■ **PROBLEM REQUIREMENTS**: Will you write out, word for word, every line from the one with "Meridian, ID 83642" to the final line of the data below, with the pictures left out?

■ **STORED DATA**:

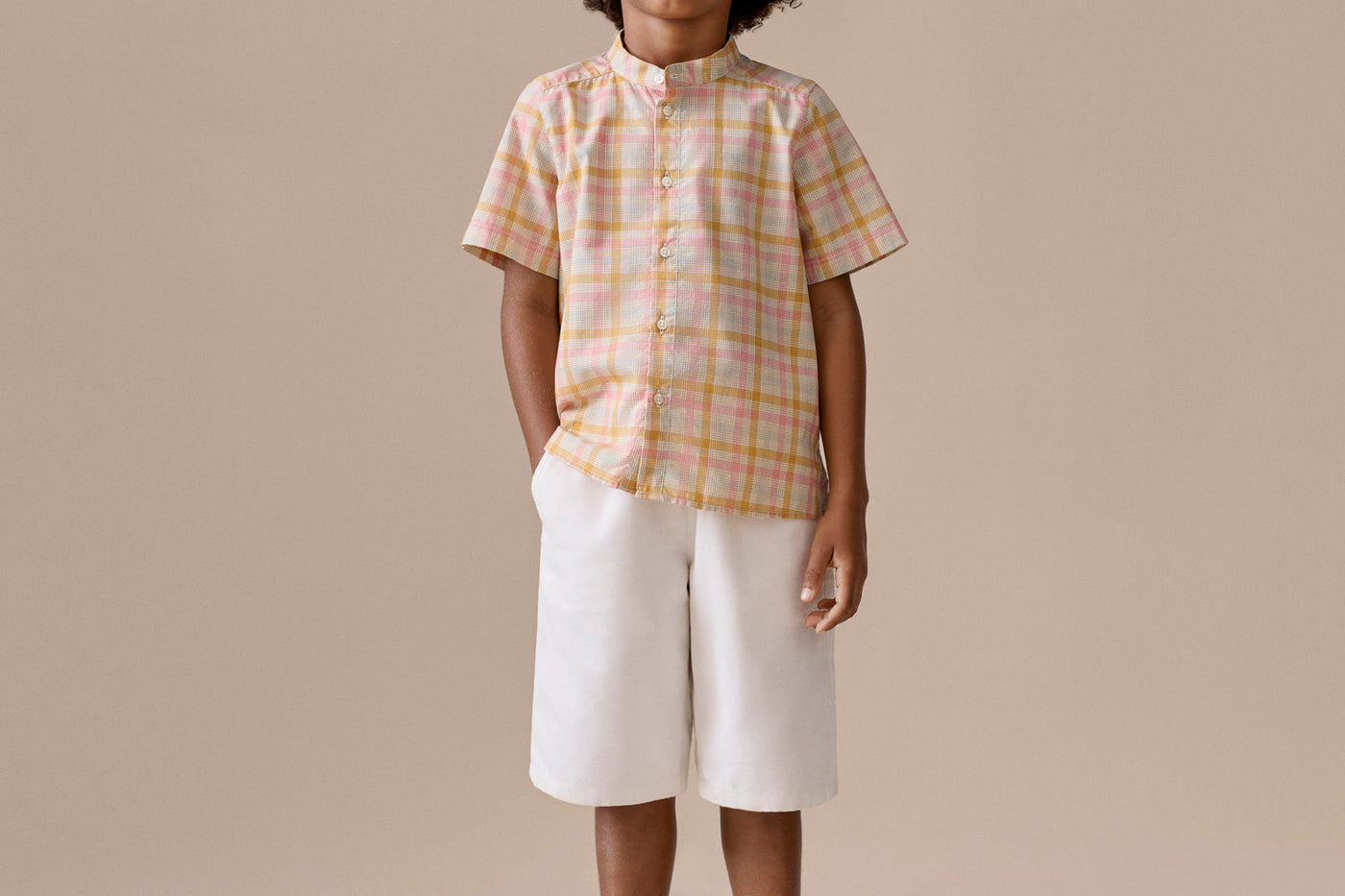 Look de niño verano 2026 - Camisa de cuadros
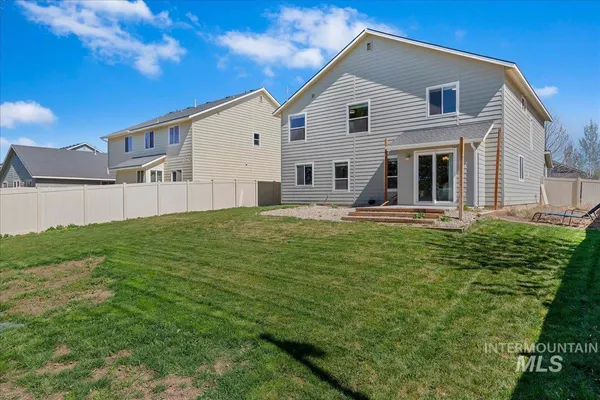 $529,000 | 777 South Flintstone Avenue, Meridian, ID 83642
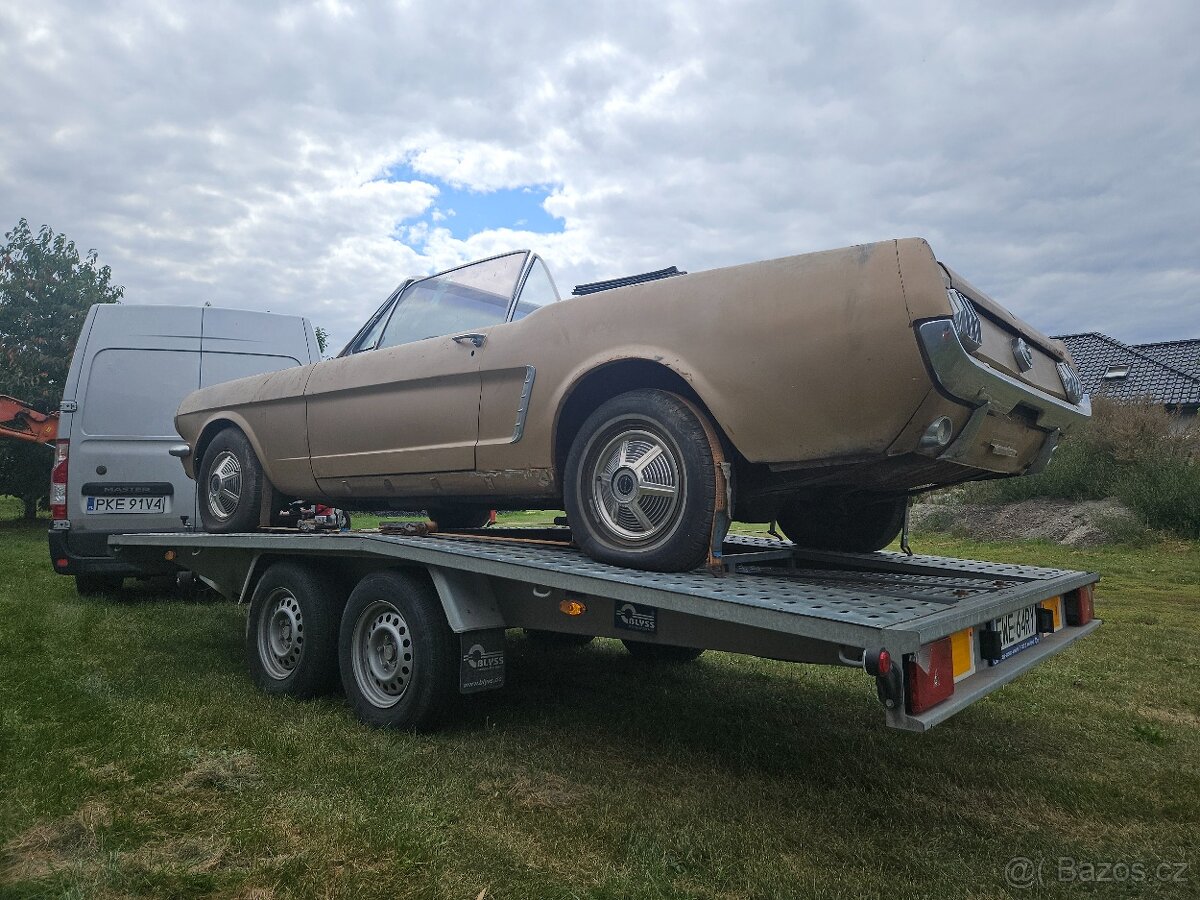 Ford Mustang V8 Cabriolet - 3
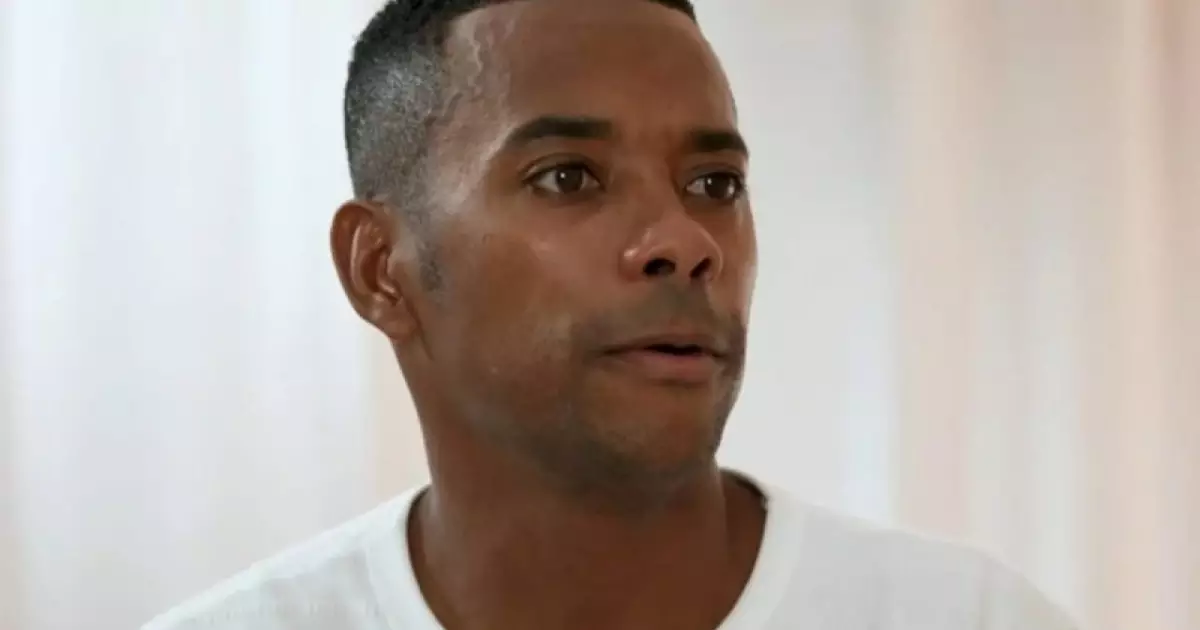 Ícaro Silva como Robinho em Tremembé: futebol e tensão na nova temporada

■ **RESULT FOR THIS TASK**:
 $529,000 | 777 South Flintstone Avenue, Meridian, ID 83642
 Ford Mustang V8 Cabriolet - 3
 Ícaro Silva como Robinho em Tremembé: futebol e tensão na nova temporada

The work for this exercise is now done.